A prominent peace activist has urged them to take a more active role in promoting dialogue between Muslims and non-Muslims and helping to iron out misunderstandings of the faith.
Dubai students urged to promote inter-faith dialogue
DUBAI // A prominent peace activist has urged students at the University of Wollongong in Dubai (UOWD) to take a more active role in promoting dialogue between Muslims and non-Muslims and helping to iron out misunderstandings of the faith.
"Organise, speak out, explain," Salwa Kader, the president of the US Federation For Middle East Peace, told the students on Wednesday. "You have to speak out.

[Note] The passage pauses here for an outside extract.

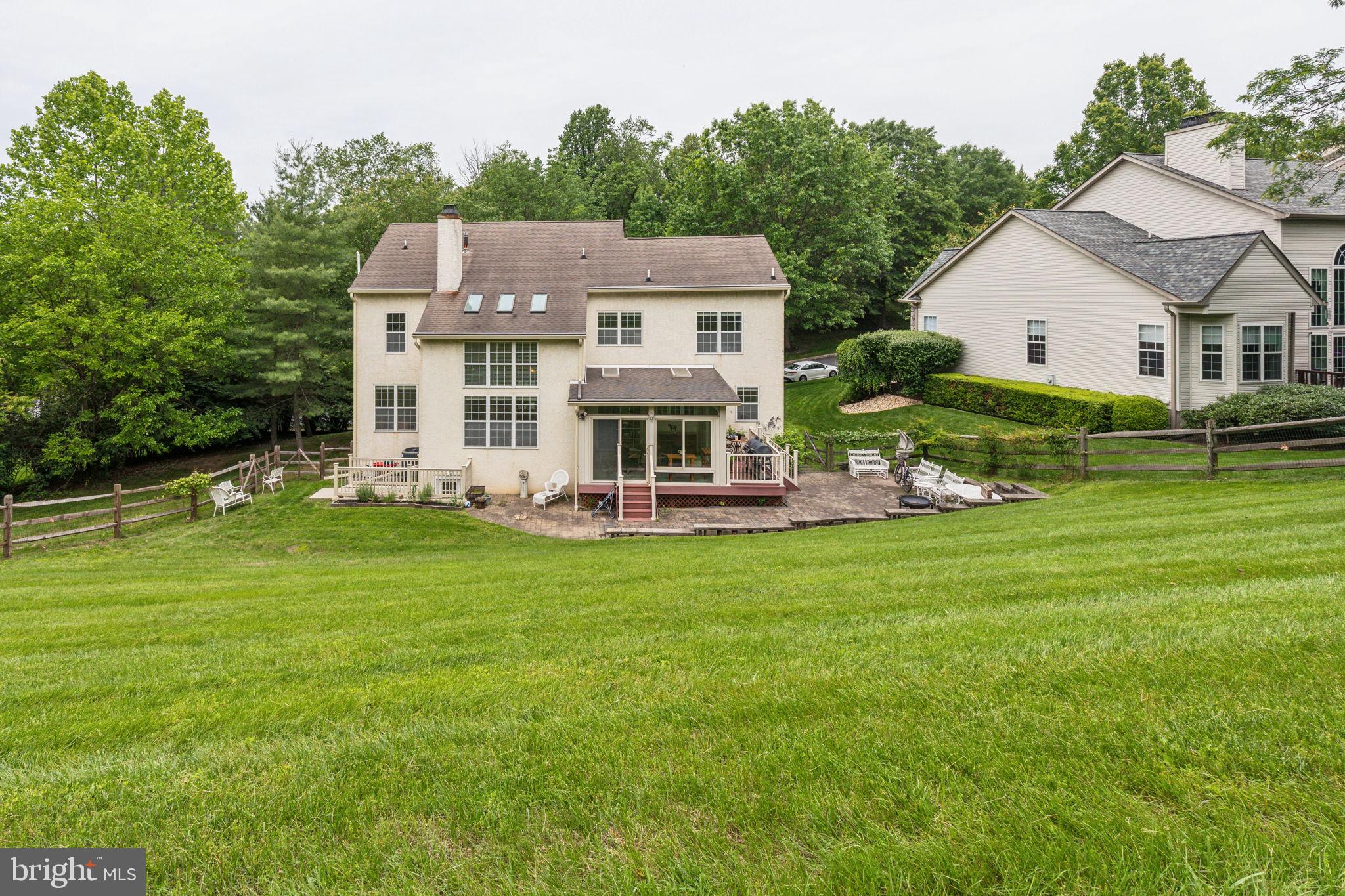 OLD MILL POINTE - Residential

We can't all sit still."
Ms Kader, a peace activist for many years who has worked with the likes of the UN secretary general Ban Ki-moon and his predecessor, Kofi Annan, has also recently organised dialogues between Muslim and Hindu leaders in Mumbai as well as Muslim-Christian dialogues in the US.
She came to Dubai on an exploratory trip to expand the organisation, which also has offices in Egypt, Pakistan and Sweden, and said the time was right to expand in the UAE.

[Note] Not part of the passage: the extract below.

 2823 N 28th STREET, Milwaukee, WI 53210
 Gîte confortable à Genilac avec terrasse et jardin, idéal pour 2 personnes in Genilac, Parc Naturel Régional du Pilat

In her address, she said ignorance and a lack of understanding, as well as misconceptions and fear, had fuelled the current problems between faiths and cultures, particularly citing the fear of Islam in the US.
"What can young Muslims do? You have a voice … most Muslims don't speak out. They leave it for God to take care of, but God gave you a mind and a voice … you can't sit idle and blame them [non-Muslims]. They've only seen one side, the awful side."
Ms Kader, a Lebanese-American, is the director of the UN Women's Guild for Manhattan and a member of the International Alliance of Women in New York.
"It's a melting pot here," she said of the UAE. "There are all these nationalities living and working together harmoniously and I think this is the best ground we can find to approach everybody without being for or against anyone, just delivering the message that we are for peace."
In September, Ms Kader was awarded the UN's Millennium Development Goals lifetime achievement award for her work.
The organisation, which was founded a month after 9/11 in 2001, brings together women to tackle issues such as human trafficking and domestic violence, but mainly focuses on the suffering of women affected by war and conflict.
The non-governmental organisation is seeking funding to set up workshops in Dubai and begin work with young people and women around the Emirates.
Robert Watts, a 20-year-old student at UOWD, has been in the UAE for two years. He came to the university from Canada to study in a country which he said would open his eyes to more of the world and its cultures.
Mr Watts said Ms Kader's topic of the importance of dialogue was something he first became interested in during his business ethics course.
"In this globalised world, all religions and cultures are mixing," he said. "Some of them have different values and do things differently. You can break a lot of these business barriers just by communicating."
Qadria Naji, 20, was born in the US to an American mother and Palestinian father. "I am the walking example of peace in the Middle East," she said.
"This is such an important topic and it is important that people talk more."
Ms Kader's visit follows closely on the heels of the former British prime minister, Tony Blair, whose Faith Foundation this week announced a partnership with the Higher Colleges of Technology, the first step towards establishing its inter-faith work in the region.
Rob Whelan, the president of the university, said that bringing speakers such as Ms Kader was an important way to inspire the students.
"World peace is an aspiration shared by most of the common people in the world … It is understandably a common theme among UOWD students, where over 100 nationalities study together in harmony."